Tuesday, 29 September 2015

Edgar Rice Burroughs At The Earth's Core, by Bobby Nash and Jamie Chase

At the Earth's Core was one of my favourite films growing up so going into this book I thought I knew the story, surprisingly I was way off the mark as the book packs so much more into it's pages than the film ever did. For instance I want aware that Edgar Rice Burrough's appeared in the story, or that it started in the Sahara desert with the books hero David Innes telling his story to Edgar Rice Burrough's.

For anyone who isn't familiar with this story mining business man David Innes joins forces with a crazy inventor called Abner Perry, Perry has invented a manned drilling machine called the mole that he believes will make both him and Innes a fortune. Unfortunately things don't go to plan and our duo end up at the earth core, but instead of molten rock they find themselves in the wonderful but dangerous world of Pellucidar. A world that is filled with strange people and creatures most of whom are not friendly, a place where if you don't have your wits about you a grizzly death isn't far away. Throw into the mix a love interest for David as he falls for the charms of Dian the Beautiful, and a dominant species of mind controlling carnivore pterodactyls and you have a real boys own action and adventure story.

The book is written by Bobby Nash a writer I am well aware of and I have to admit I am a fan of his work, I was also lucky enough to interview him a few years ago. As a fan of Bobby's work I always thought I was going to enjoy this book, what I wasn't prepared for was how blown away I was with this book it is simply stunning. And that is not an exaggeration as the story telling and pacing throughout the book is absolutely perfect, from the opening page to the very last one. But were Bobby really shines is in his ability to make David Innes a believable and likeable character, Innes is an ordinary man dealing with extraordinary circumstances while still maintaining his personal sense of honour. As with all adventure story's you always know the hero is going to win out in the end, but even knowing this Bobby has still managed to build a real sense of danger with every turn of the page, and if the chips were down David Innes is someone you would want standing next to you.

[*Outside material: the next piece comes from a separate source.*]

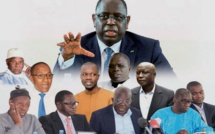 S’unir ou périr : contre Macky Sall, l’opposition face au choc des égos ?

The painted artwork by Jamie Chase is also spectacular and helps set the mood and tone of the book perfectly, from spectacular landscapes to terrifying creatures Jamie's art bring the whole world of Pellucidar to life. As someone who cannot draw beyond stick men ( I kid you not) I can only imagine and marvel at the hours and patience it must take to create artwork of this standard.

As I said at the start of this blog as a child I had watched the film adaptation of At the Earth's Core, and as all films of this type it was one of my instant favourites. So I went into this book thinking I already knew the story, how wrong I was the differences between the film and this book is like night and day. Each has their own merit but if I were to chose between watching the film again or reading the book, the book would win every-time and if you haven't read the book because you've seen the film. Do yourself a favour and pick up the book, I guarantee you will be highly delighted you did so.

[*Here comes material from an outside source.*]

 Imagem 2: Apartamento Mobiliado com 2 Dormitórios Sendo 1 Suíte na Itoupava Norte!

On a final note I recently found out that there are several books written about Pellucidar, so I am hoping that Bobby and Jamie get the recognition they deserve for this book. So they can go on to produce the rest of them, and if they do so they can have my money now.


  1. Thanks, Robert. So glad you enjoyed the book. Thanks for the all too kind words, my friend.


  2. I think back to when I was sat talking to you about the book at Timegate, you were so excited about it and after reading it I now know why.

  3. Oh yeah. It was a dream project.

  4. Thank you Robert, I had somehow missed this review. Much appreciated!